Edge Computing


Introduction

The goal of edge computing is to get computation as close as feasible to the data source in order to minimise latency and bandwidth consumption. Edge computing, to put it simply, is the practise of transferring fewer processes from the cloud to local locations, such as a user's PC, an IoT device, or an edge server. Reduced long-distance communication between a client and server results from moving computing to the edge of the network.


What is network edge?

The location of the device's or its local network's connection to the Internet is known as the network edge for Internet devices. The term "edge" might be a bit ambiguous; for instance, a user's computer or the processor within an IoT camera may be regarded as the network edge, but so may the user's router, ISP, or local edge server. The key insight is that, in contrast to origin servers and cloud servers, which may be physically remote from the devices they connect with, the network edge is located adjacent to the communication device.
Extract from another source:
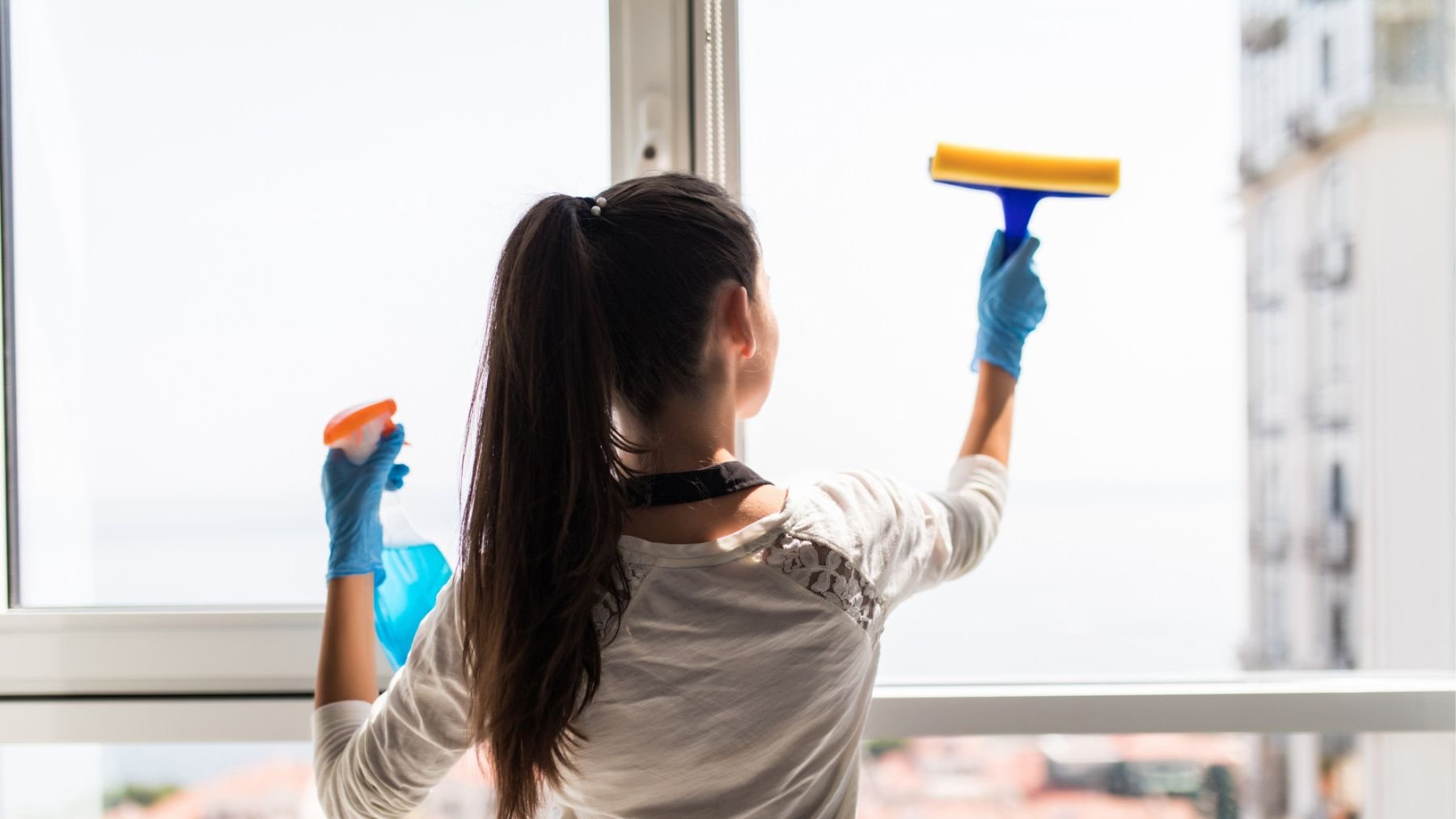 Una mujer limpiando los cristales. Foto: Freepik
Difference between edge computing and other computing models

The original computers were big, clunky devices that could only be used directly or through terminals, which were essentially extensions of the computer. The development of personal computers allowed for a far more decentralised method of computing. Personal computing once predominated as the main computing model. Applications were used and data was kept locally, possibly in an on-site data centre, on a user's device.

A more recent innovation, cloud computing, provided a variety of benefits over traditional locally based, on-premise computing. Cloud services can be accessible from any device via the Internet and are centralised in a vendor-managed "cloud" (or group of data centres).

However, due of the distance between consumers and the data centres where cloud services are hosted, cloud computing can cause latency. Edge computing maintains the centralised structure of cloud computing while bringing computation closer to end users to reduce the distance that data must travel.

To sum it up:

• Early computing: just had one isolated computer that was used to execute centralised applications.

• Individual computing: localised decentralised applications

• Cloud computing: centralised software running on data centres

• Edge computing: is the practise of operating centralised applications close to consumers, either on the device itself or at the edge of a network.


Use cases for edge computing

• A wide range of products, services, and applications can incorporate edge computing. Several options include:

• Monitoring security systems: As previously mentioned.

• IoT devices: For more effective user interactions, smart devices that connect to the Internet can benefit from running code locally rather than on the cloud.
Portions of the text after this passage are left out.